Work instructions.
Transcribe the data below verbatim from the line with "Chemise habillée Dolce" to the line with "Vintage Baby Blanket". Include both of those lines.

Given records.
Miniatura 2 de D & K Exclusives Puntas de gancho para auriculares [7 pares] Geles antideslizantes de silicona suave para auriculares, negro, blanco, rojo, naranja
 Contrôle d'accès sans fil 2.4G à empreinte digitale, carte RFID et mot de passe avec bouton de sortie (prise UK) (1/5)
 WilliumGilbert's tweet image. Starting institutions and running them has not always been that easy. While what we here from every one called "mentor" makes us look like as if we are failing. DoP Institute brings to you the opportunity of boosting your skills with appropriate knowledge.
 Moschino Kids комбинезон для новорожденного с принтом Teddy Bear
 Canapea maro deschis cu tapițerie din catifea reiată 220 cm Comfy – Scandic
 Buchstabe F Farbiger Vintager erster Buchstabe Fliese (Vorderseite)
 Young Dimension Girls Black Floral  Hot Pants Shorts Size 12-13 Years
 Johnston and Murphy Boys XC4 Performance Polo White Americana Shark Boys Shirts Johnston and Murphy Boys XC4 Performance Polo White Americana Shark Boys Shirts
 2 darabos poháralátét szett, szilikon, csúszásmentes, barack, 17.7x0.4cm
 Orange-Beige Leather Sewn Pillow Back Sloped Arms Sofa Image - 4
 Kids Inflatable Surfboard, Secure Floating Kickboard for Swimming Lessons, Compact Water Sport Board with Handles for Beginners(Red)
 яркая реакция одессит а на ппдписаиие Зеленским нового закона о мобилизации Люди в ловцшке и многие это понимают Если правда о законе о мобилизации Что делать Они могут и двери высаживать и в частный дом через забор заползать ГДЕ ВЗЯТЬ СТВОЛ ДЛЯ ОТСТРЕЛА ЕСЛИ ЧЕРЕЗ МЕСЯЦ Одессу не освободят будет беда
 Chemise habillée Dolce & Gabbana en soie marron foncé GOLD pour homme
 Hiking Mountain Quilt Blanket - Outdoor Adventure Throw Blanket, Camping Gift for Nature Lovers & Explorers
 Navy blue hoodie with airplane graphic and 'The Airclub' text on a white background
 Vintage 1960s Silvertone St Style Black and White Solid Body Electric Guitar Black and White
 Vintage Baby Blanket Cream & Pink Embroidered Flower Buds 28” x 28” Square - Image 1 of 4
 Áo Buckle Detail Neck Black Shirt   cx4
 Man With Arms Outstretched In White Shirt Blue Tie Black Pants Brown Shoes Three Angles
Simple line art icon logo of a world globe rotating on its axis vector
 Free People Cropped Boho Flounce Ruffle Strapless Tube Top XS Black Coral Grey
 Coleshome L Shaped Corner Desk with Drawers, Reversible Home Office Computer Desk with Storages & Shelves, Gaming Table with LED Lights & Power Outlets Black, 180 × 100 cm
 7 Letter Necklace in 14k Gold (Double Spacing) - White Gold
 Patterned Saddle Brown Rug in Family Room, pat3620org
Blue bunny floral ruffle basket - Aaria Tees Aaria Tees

Expected answer.
 Chemise habillée Dolce & Gabbana en soie marron foncé GOLD pour homme
 Hiking Mountain Quilt Blanket - Outdoor Adventure Throw Blanket, Camping Gift for Nature Lovers & Explorers
 Navy blue hoodie with airplane graphic and 'The Airclub' text on a white background
 Vintage 1960s Silvertone St Style Black and White Solid Body Electric Guitar Black and White
 Vintage Baby Blanket Cream & Pink Embroidered Flower Buds 28” x 28” Square - Image 1 of 4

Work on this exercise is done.